But the Costa Rican-born 58-year-old, who emigrated to Australia 42 years ago, has no conflict of interests being embedded with the enemy going into the crucial clash, and remains resolutely behind the Green and Gold.
A friendship with Honduras coach Jorge Luis Pinto - forged when he acted as Costa Rica's liaison officer for Ange Postecoglou's first game in charge four years ago - prompted Gomez to answer in the affirmative when Pinto asked him to be his team's logistics man in Sydney for the do-or-die November 15 clash.
The Hondurans will fly straight out after the first leg of the play-off in San Pedro Sula on November 10 (November 11 AEDT), stopping over in Los Angeles, before arriving in Sydney on Monday November 13.
After first running the proposal by the FFA, twice-capped Gomez will work to make sure things run smoothly off the field when Honduras arrive in Sydney.
On the field, the Spanish-speaking defender wants only one outcome, Australia to reach Russia 2018.
"I live here, this is my country and I want nothing more than for Australia to qualify," said Gomez, who played with distinction for four NSL clubs over a 15-year span.
"But I have relationship with Pinto ... I even provided videos for him of Korea and Japan before he took Costa Rica to the last eight of the 2014 World Cup in Brazil.
"I trust him, and at no point has he asked me, or will he, for information about Australian players.
"I'm just helping them with things like selecting their training facilities here and their accommodation, things like that.
"Pinto called me personally, and I asked the FFA if it was ok and they had no objection.
"It's a case of the Hondurans looking after us while we are there and we'll do the same here.
"I'll just try to get them to the ground to play, what happens on the field is up to the players."
Gomez is an avid admirer of 64-year-old Colombian Pinto, whose acumen led Costa Rica out of a 'group of death' in Brazil, including England, Italy and Uruguay.
Pinto's minnows then overcame Greece before going out on penalties to the Netherlands in the quarter-finals.
Which leads Gomez to believe Australia are up against a master motivator.
"The thing about Pinto is his passion, and ability to make players believe," he said.
"His teams are always so disciplined and he knows the game inside out.

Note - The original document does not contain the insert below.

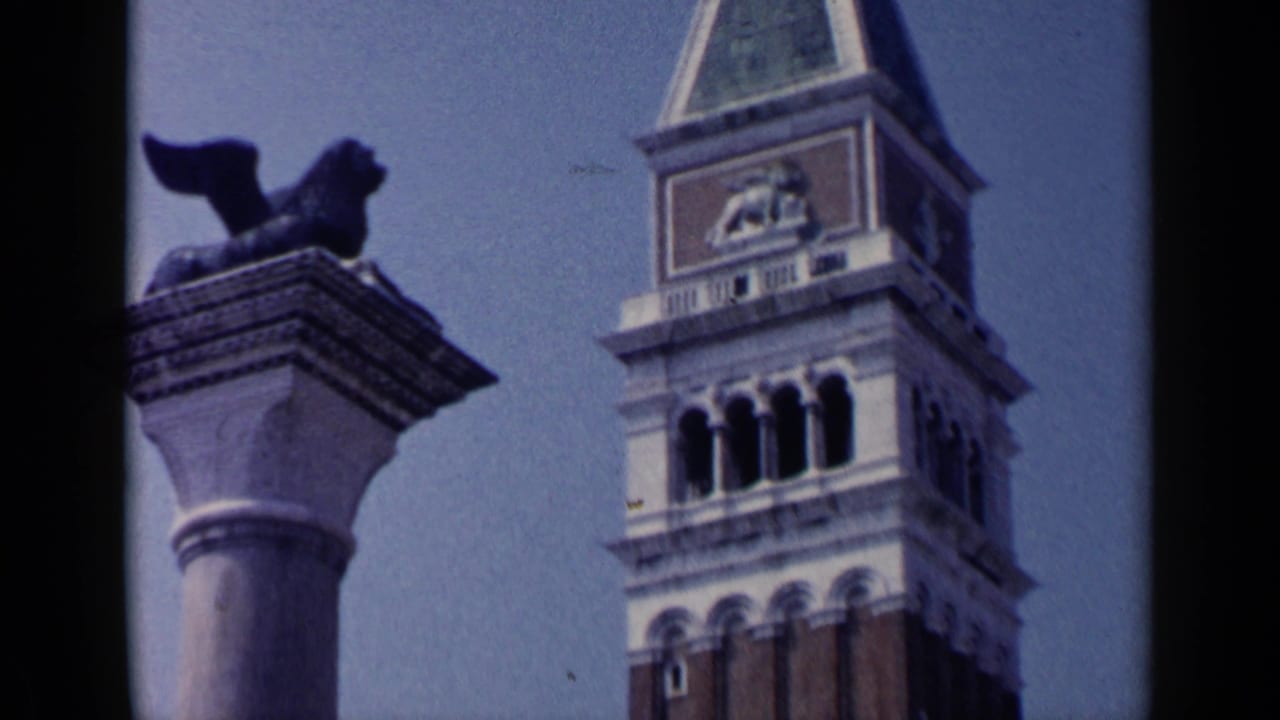 Visitor-shot 1960 Venice view of the winged lion statue and upper Campanile di San Marco, with film-edge framing.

"He will have Honduras in the best shape mentally and physically and qualifying for them will mean everything to the players and the country."
Gomez, who helped the Matildas prepare for the Brazil Olympic Games by scouting opponents in China, believes the outcome over two legs is on a knife-edge.

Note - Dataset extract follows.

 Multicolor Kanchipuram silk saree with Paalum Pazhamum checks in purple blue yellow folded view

"These two games are the talk of Central America," he said.
"I wouldn't say the Hondurans are expecting to qualify but they will do everything in their power to beat Australia.

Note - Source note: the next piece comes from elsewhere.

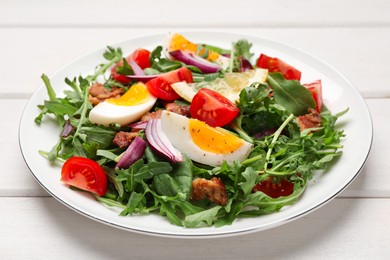 Delicious salad with boiled eggs, vegetables and bacon on white wooden table, closeup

"And they have a coach who knows how to get big results.
"He's done and tremendous job so far. They beat Mexico at home, and they topped the CONCACAF group.
"Finishing fourth was no disgrace and after what he achieved with Costa Rica, anything is possible.
"He's a coach who doesn't hide his emotions and has blood boiling in his veins.
"For me, this tie is really too close to call.
"I just hope Australia win through. I think it's going to be a classic two games between two different football cultures.
"Australia need to be ready for anything and everything."